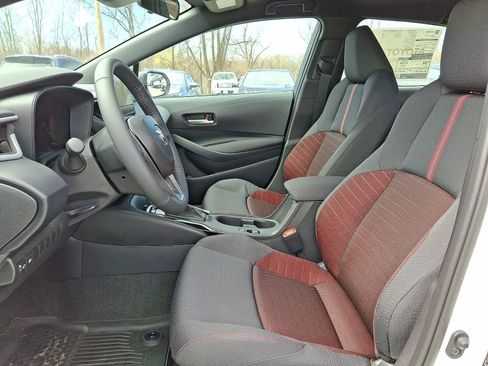 New 2026 Toyota Corolla SE image 11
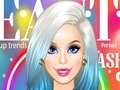 Spill Barbie: Motecover online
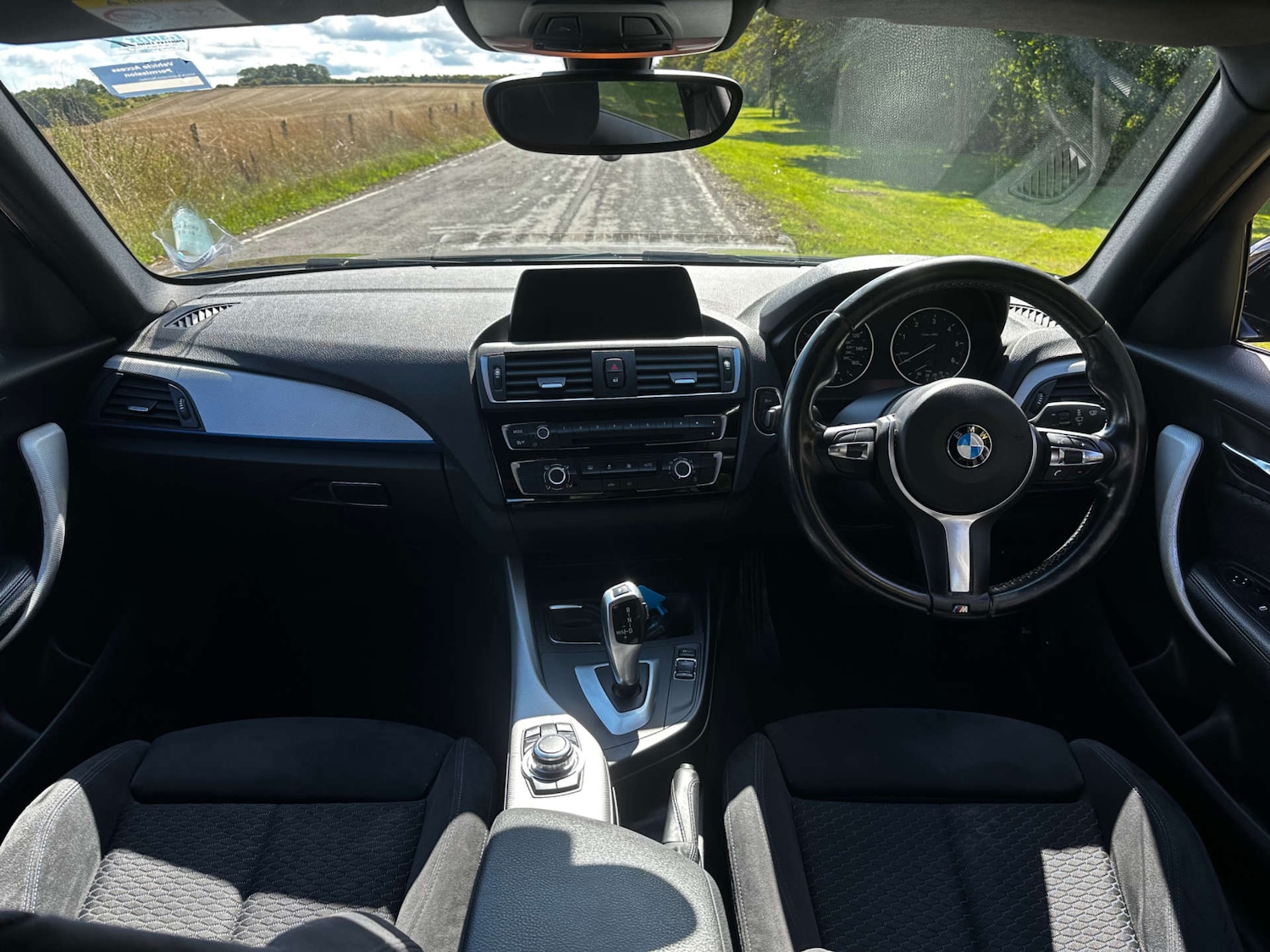 Used BMW 1 Series 2016 for sale - 77022383: Photo 13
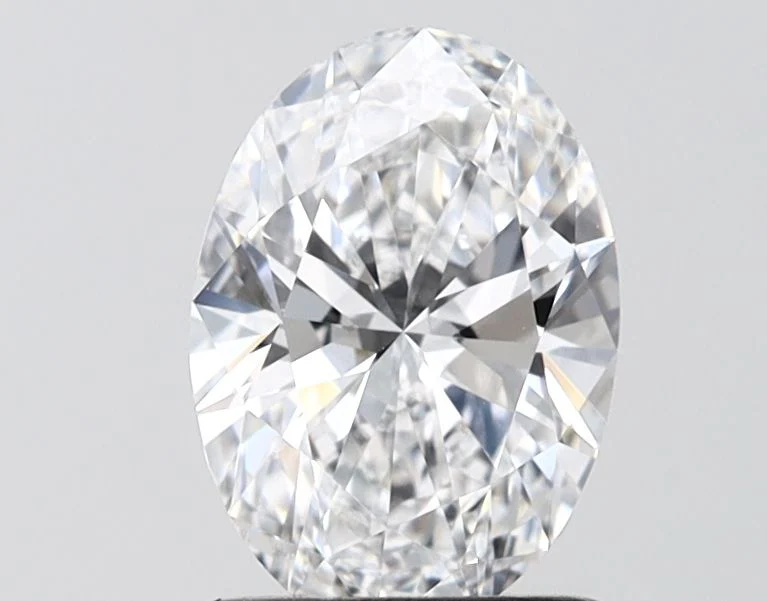 Oval 1.25ct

Exercise directions: Repeat the material exactly, without images.

Response box:
 New 2026 Toyota Corolla SE image 11
 Spill Barbie: Motecover online
 Used BMW 1 Series 2016 for sale - 77022383: Photo 13
 Oval 1.25ct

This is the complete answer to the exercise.